Here in Wisconsin, I’m eager to build similar partnerships. In addition to the screening services startup I mentioned earlier, I’m exploring opportunities to advance our antibody binding column technology with the right industry partner. This technology improves on existing antibody purification products, by having better yield and faster pass-through times.

I also see potential for collaboration in industries like food and beverage, where understanding the mechanical properties of formulations—like cheese textures—can be valuable. Adhesives and other soft matter applications are also a natural fit for our expertise.

What sectors or industries are you most interested in working with?

My lab is especially well-suited for collaborations in biotechnology and advanced materials.
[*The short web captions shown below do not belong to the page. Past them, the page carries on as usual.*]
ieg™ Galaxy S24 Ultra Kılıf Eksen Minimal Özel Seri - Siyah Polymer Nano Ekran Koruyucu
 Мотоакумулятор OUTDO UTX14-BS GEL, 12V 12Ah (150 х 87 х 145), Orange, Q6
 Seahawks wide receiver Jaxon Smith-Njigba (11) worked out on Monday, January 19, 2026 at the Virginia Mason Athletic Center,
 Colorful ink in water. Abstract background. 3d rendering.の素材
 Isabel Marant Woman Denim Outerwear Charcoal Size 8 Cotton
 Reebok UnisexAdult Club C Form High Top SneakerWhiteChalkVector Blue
We focus on developing bio-inspired products and materials with unique mechanical properties—like super-elastic materials that can stretch significantly without breaking.

We’re also very interested in working with medical device companies and diagnostics startups. Our expertise in protein mechanics and soft biomaterials makes us a strong fit for projects involving biological sensing, tissue engineering, or molecular diagnostics.

Whether it’s creating new biomaterials, building custom instrumentation, or helping companies understand how their products behave at the molecular level, we’re excited to work with partners across these sectors.

Tell us one fun fact about you, personally or professionally.

Once, I assembled an IKEA piece of furniture incorrectly—but I kept it that way because it actually worked better than the original design. It’s a funny story, but it also reflects something important about how I approach science: seeing things differently. In research, everyone might be looking at the same data, but success often comes from noticing what others don’t. That mindset—questioning assumptions and finding unexpected solutions—is something I bring to both my lab and collaborations.